Confidence Intervals for Correlation and Proportion

Site: Saylor Academy
Course: MA121: Introduction to Statistics
Book: Confidence Intervals for Correlation and Proportion
Printed by: Guest user
Date: Saturday, April 20, 2024, 7:27 AM

Description

First, this section shows how to compute a confidence interval for Pearson's correlation. The solution uses Fisher's z transformation. Then, it explains the procedure to compute confidence intervals for population proportions where the sampling distribution needs a normal approximation.

Correlation

Learning Objectives


  1. State the standard error of z'
  2. Compute a confidence interval on ρ


The computation of a confidence interval on the population value of Pearson's correlation (ρ) is complicated by the fact that the sampling distribution of r is not normally distributed.

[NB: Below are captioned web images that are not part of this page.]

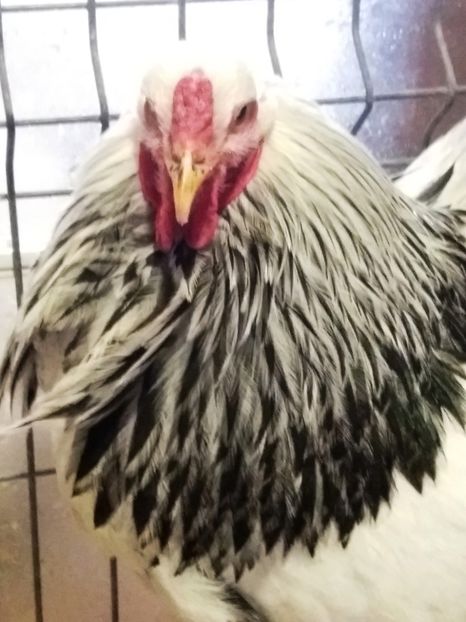 M 2 - 1_COCOSI PENTRU 2017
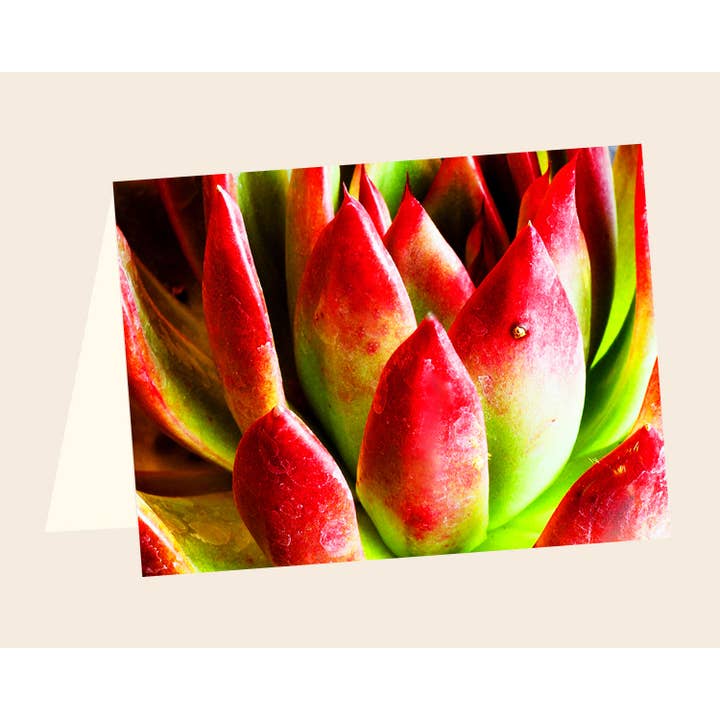 ENCL succulento n.10 per la vendita all'ingrosso da parte di Line Five Studio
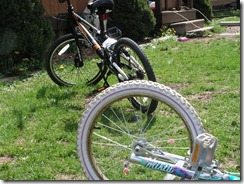 yard 2012 019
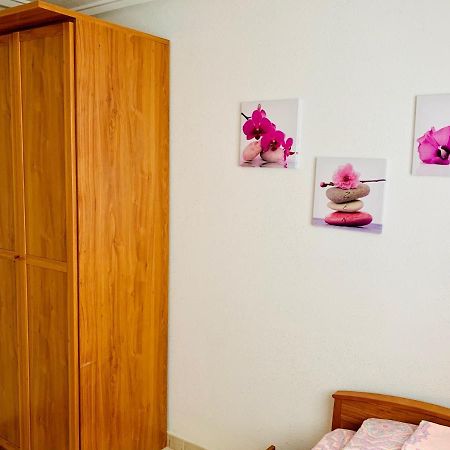 Apartamento Felix De La Fuente Torrevieja Exterior foto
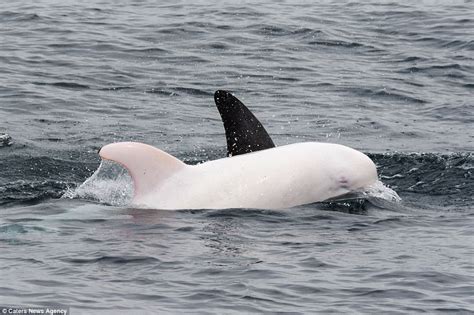 Rare Albino Dolphin Filmed Off Californian Coast Daily Mail Online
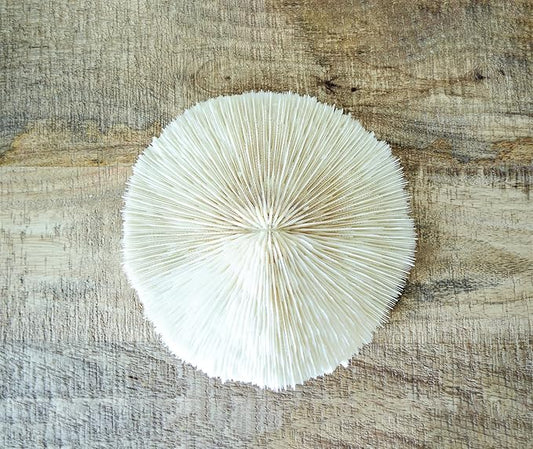 5 White Mushroom Sea Coral – Real 1-2" Mushroom Coral Pieces for Aquarium Décor, Beach Theme, Ocean Crafts & Coastal Home Decor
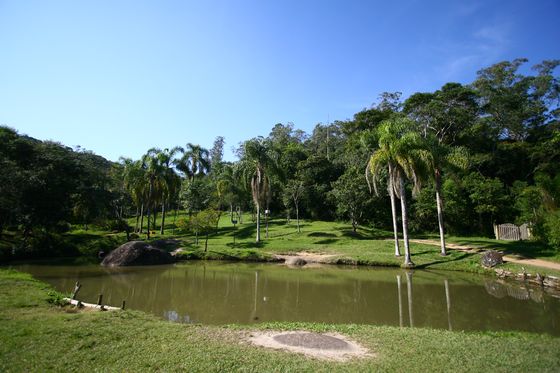 Foto que ilustra matéria sobre parque em Mauá mostra um pequeno lago cercado de área gramada e árvores no Parque da Gruta.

The solution lies with Fisher's z' transformation described in the section on the sampling distribution of Pearson's r. The steps in computing a confidence interval for ρ are:

  1. Convert r to z'
  2. Compute a confidence interval in terms of z'
  3. Convert the confidence interval back to r.


Let's take the data from the case study Animal Research as an example. In this study, students were asked to rate the degree to which they thought animal research is wrong and the degree to which they thought it is necessary. As you might have expected, there was a negative relationship between these two variables: the more that students thought animal research is wrong, the less they thought it is necessary. The correlation based on 34 observations is -0.654. The problem is to compute a 95% confidence interval on ρ based on this r of -0.654.

The conversion of r to z' can be done using a calculator. This calculator shows that the z' associated with an r of -0.654 is -0.78.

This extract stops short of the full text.